O por ejemplo la encantadora voz de Joan Baez, embarazada, entonando a capella Swing low sweet chariot, himno de lucha por los derechos civiles, que se cantaba en las reservas amerindias del siglo XIX. O esa joyita de Arlo Guthrie -hijo de Woody Guthrie (1912-1967), el padre musical de Bob Dylan, autor de otro himno del folk norteamericano, This land is your land (1940)- titulada Coming into Los Angeles. Además de los mencionados, aquel viernes 15 de agosto, desde las 5:17pm, desfilaron otros grandes trovadores como Melanie, Tim Hardin y The Incredible String Band, así como el maestro Ravi Shankar (1920-2012), quien ya había cautivado a los rockers de la época con sus enigmáticos sitares, traídas desde la India, en el festival de Monterey.

El sábado 16, desde el mediodía, la electricidad se fue apoderando del escenario y el mar humano se aprestaba a ver en vivo a algunos de los artistas que marcaron a fuego el desarrollo del rock, expresión artística de enorme carga emocional y poder de convocatoria. Ese día, un cantautor folk poco conocido, líder comunitario y activista político, Country Joe McDonald (líder del combo psicodélico The Fish), hizo cantar a todo el mundo su I-feel-like-I’m-fixin’-to-die rag, una de las proclamas anti-Guerra de Vietnam más directas del festival.

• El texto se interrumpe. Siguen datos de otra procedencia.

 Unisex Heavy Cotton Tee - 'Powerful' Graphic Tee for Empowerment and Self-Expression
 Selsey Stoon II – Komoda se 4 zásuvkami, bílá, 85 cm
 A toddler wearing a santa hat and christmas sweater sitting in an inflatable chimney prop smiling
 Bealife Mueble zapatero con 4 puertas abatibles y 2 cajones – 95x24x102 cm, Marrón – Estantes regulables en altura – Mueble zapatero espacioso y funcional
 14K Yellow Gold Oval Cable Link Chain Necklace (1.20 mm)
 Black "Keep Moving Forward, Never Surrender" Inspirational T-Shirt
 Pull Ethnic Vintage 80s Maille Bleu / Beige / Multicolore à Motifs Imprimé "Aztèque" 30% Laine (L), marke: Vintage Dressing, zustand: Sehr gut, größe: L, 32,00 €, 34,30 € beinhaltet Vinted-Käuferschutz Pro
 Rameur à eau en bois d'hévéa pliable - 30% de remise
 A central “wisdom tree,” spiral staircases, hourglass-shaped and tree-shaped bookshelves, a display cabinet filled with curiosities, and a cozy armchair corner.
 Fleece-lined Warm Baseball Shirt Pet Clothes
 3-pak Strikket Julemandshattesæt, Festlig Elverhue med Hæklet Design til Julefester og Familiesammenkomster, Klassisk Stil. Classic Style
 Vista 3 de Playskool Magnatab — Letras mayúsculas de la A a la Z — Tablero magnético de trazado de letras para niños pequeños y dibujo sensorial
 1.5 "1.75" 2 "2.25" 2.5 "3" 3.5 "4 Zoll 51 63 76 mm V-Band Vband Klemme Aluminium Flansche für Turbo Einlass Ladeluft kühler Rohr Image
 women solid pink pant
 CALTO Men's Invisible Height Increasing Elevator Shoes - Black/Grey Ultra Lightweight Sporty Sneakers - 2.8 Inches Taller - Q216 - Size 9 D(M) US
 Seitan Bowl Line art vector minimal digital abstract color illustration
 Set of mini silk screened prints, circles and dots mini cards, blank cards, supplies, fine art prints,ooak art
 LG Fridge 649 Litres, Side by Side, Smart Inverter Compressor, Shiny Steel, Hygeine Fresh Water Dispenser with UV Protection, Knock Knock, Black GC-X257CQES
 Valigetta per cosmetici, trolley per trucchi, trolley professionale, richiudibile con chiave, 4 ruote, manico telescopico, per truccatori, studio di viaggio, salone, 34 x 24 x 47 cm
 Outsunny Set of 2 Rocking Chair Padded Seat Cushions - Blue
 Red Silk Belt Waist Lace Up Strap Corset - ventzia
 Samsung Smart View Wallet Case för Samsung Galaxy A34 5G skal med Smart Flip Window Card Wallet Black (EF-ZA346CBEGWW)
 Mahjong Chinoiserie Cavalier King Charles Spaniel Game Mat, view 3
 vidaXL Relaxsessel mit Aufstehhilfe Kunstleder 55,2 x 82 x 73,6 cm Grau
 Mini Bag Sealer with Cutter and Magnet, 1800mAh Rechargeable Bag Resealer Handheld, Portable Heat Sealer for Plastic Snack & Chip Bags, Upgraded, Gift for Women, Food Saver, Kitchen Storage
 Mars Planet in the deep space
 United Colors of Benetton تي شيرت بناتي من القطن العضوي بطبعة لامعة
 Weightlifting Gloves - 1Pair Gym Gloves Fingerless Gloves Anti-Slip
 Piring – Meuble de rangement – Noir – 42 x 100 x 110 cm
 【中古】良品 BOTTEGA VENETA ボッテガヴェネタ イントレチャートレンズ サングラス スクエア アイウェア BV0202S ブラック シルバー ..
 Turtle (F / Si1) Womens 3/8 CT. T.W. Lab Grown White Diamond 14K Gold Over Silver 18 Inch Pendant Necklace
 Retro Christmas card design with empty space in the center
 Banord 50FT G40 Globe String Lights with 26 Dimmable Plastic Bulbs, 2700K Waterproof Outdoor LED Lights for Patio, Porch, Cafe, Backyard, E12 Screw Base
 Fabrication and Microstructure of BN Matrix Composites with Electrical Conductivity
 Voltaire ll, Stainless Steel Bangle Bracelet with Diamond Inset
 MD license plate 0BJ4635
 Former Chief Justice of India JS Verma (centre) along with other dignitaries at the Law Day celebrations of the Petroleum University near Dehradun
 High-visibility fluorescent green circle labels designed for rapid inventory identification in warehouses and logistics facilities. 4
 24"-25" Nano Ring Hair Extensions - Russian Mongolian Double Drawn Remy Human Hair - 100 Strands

Posteriormente, el filosófico recital de John Sebastian, dio paso a una ráfaga desconocida para los norteamericanos, un sonido que los hizo enloquecer. Las congas y ritmos caribeños del guitarrista mexicano Carlos Santana -en aquel entonces un desconocido inmigrante de apenas 21 años- deben haberse escuchado como traídos del espacio (o del infierno) en los oídos de los miles y miles de jóvenes, que, trepados en LSD y marihuana, sentían que cada nota les estremecía el alma y sacudía el cuerpo en un éxtasis (casi) sexual no muy difícil de imaginar. Esa versión de Soul sacrifice es una descarga de energía chamánica y talento musical indescriptible.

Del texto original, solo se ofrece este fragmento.